▶ _Dataset section_

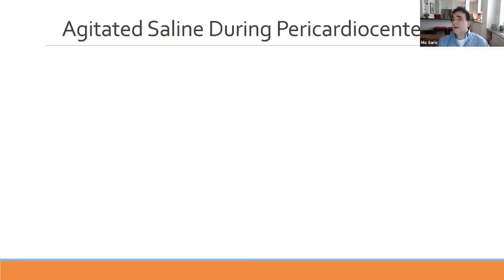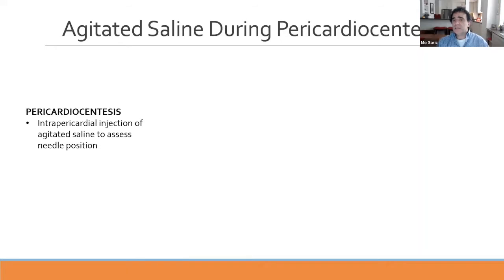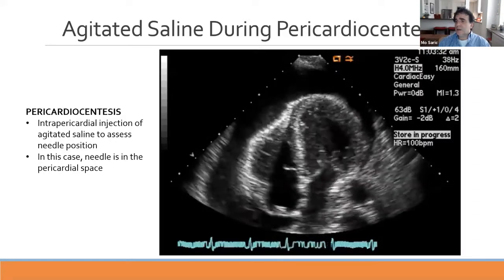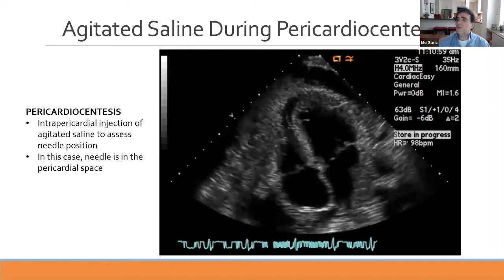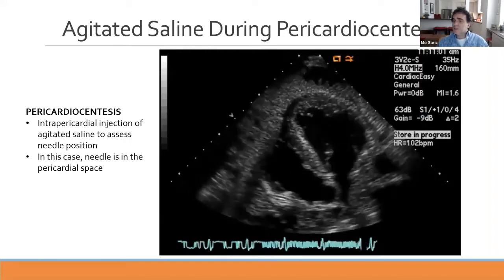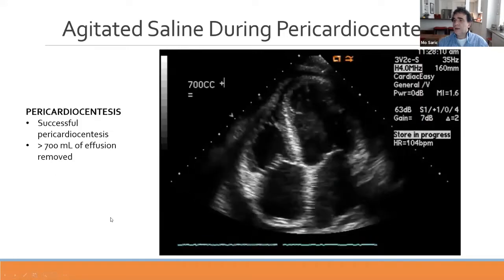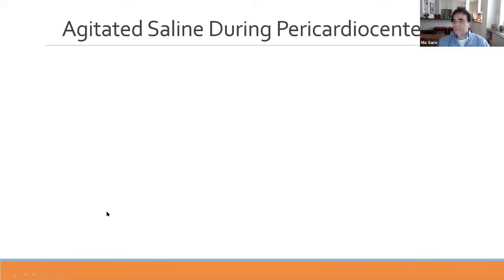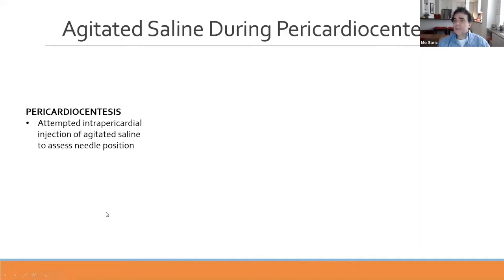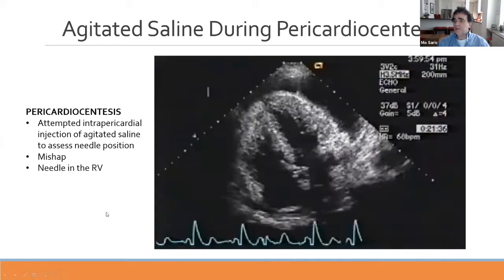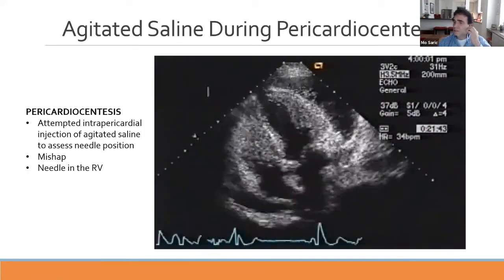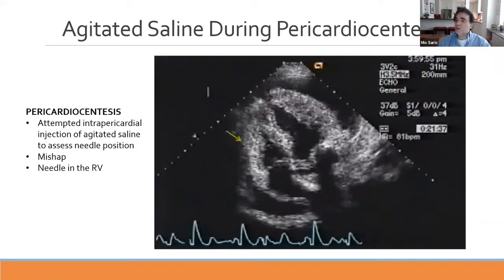Another use of agitated saline is during pericardiocentesis—intrapericardial injection to confirm needle position. In one case, agitated saline is injected and we confirm the needle is in the pericardial space, allowing safe withdrawal; 700 cc was removed and the patient improved. A contrasting example shows a mishap where the needle entered the right ventricle instead, demonstrated by opacification of the right ventricle, necessitating open-heart surgery.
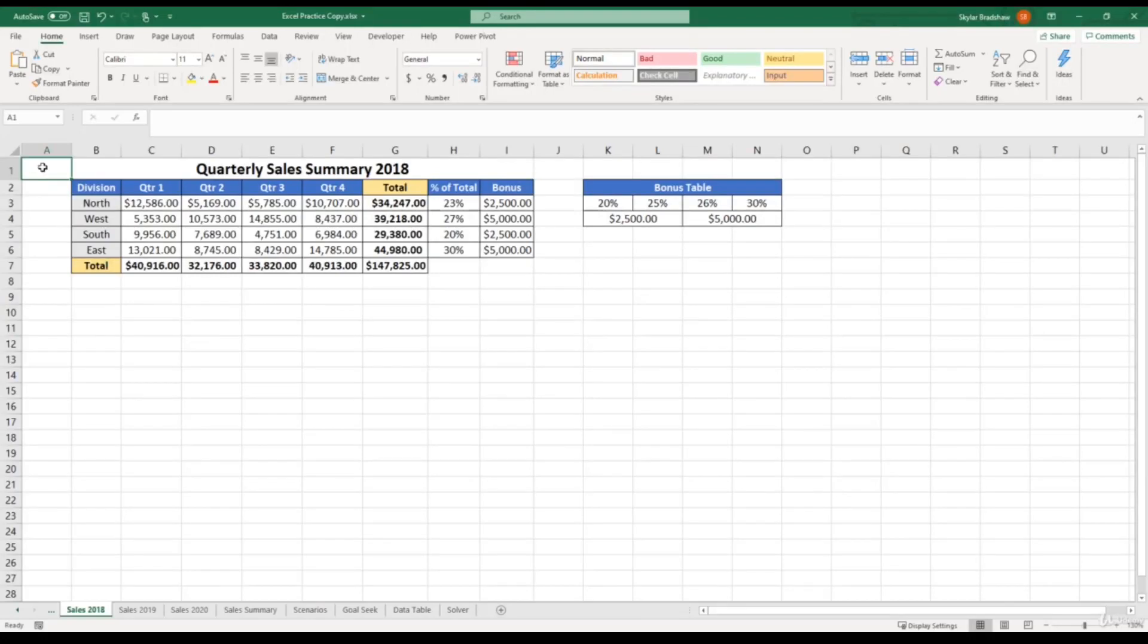So for this video, we will be learning about 3D referencing in formulas. And what 3D referencing is, is using cell references from different worksheets inside your formulas.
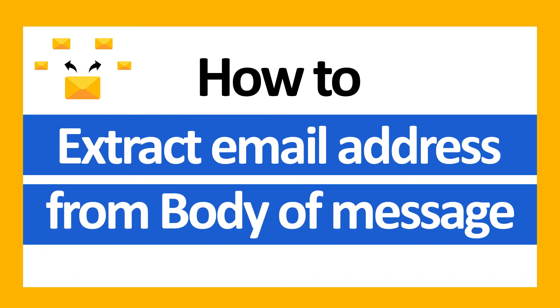Hello everyone, in this video tutorial we are showcasing the steps for how to extract email addresses from the body of messages.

▶ _Task goal_
Extract the full listing exactly, with the pictures left out.

▶ _Solved exercise_
Another use of agitated saline is during pericardiocentesis—intrapericardial injection to confirm needle position. In one case, agitated saline is injected and we confirm the needle is in the pericardial space, allowing safe withdrawal; 700 cc was removed and the patient improved. A contrasting example shows a mishap where the needle entered the right ventricle instead, demonstrated by opacification of the right ventricle, necessitating open-heart surgery.
So for this video, we will be learning about 3D referencing in formulas. And what 3D referencing is, is using cell references from different worksheets inside your formulas.
Hello everyone, in this video tutorial we are showcasing the steps for how to extract email addresses from the body of messages.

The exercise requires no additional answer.